After putting off the task for a week, I finally figured out how to keep the tiny piece of end grain attached to the leg as I sawed the vast majority of it away with a coping saw. My solution was to glue a thin backing board behind the eight fragile areas with the boards’ grain oriented in such a way that it would stiffen everything up.

As I glued those backing boards in on Saturday I thought, “Maybe this is overkill. Maybe I should just grab my saw and teach those aprons a lesson.”

But by that point the glue was out, half the backing boards were in and I had to rush off to meet friends for dinner.

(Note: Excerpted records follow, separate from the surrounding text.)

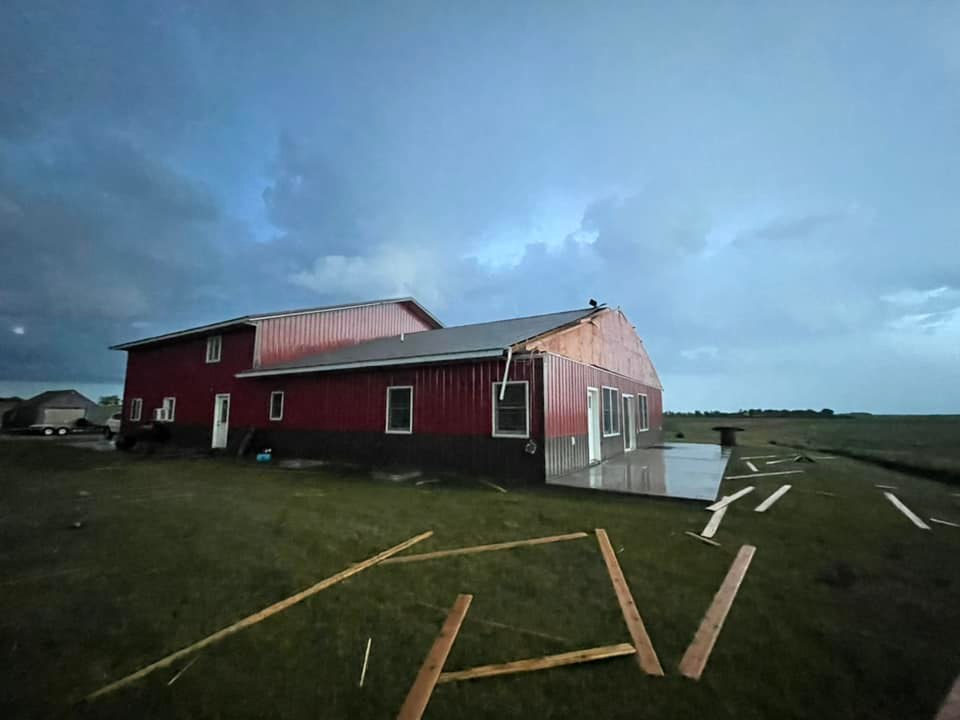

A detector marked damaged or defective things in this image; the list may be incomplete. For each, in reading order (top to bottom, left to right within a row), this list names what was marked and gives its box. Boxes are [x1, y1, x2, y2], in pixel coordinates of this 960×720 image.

damaged roof edge [233, 348, 506, 376]
broken siding piece [696, 506, 728, 540]
broken siding piece [704, 484, 756, 512]
broken siding piece [752, 484, 792, 512]
broken siding piece [884, 492, 928, 532]
broken siding piece [380, 532, 588, 564]
broken siding piece [85, 532, 432, 700]
broken siding piece [596, 528, 664, 676]
broken siding piece [680, 544, 752, 680]
broken siding piece [396, 592, 474, 720]
broken siding piece [436, 644, 636, 684]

So when Monday came around I took up my coping saw and went to work. Point one in my favor: I had marked the cut on the inside and outside of the piece so it was easy to follow the line. Point two: I had loaded my Olson coping saw with some sweet 15 tpi coping saw blades from Tools for Working Wood. These blades are head and shoulders above the home-center dreck, which always come with a nasty burr and poorly shaped teeth. (I really should review these new blades for the magazine because they are excellent.)

And point three: I am so glad I glued those eight blocks in behind the aprons. After I sawed out the aprons I began chiseling the waste to its final shape. The end grain flaked off the legs like dry skin after a nasty sunburn. The backing boards held the delicate parts in place brilliantly.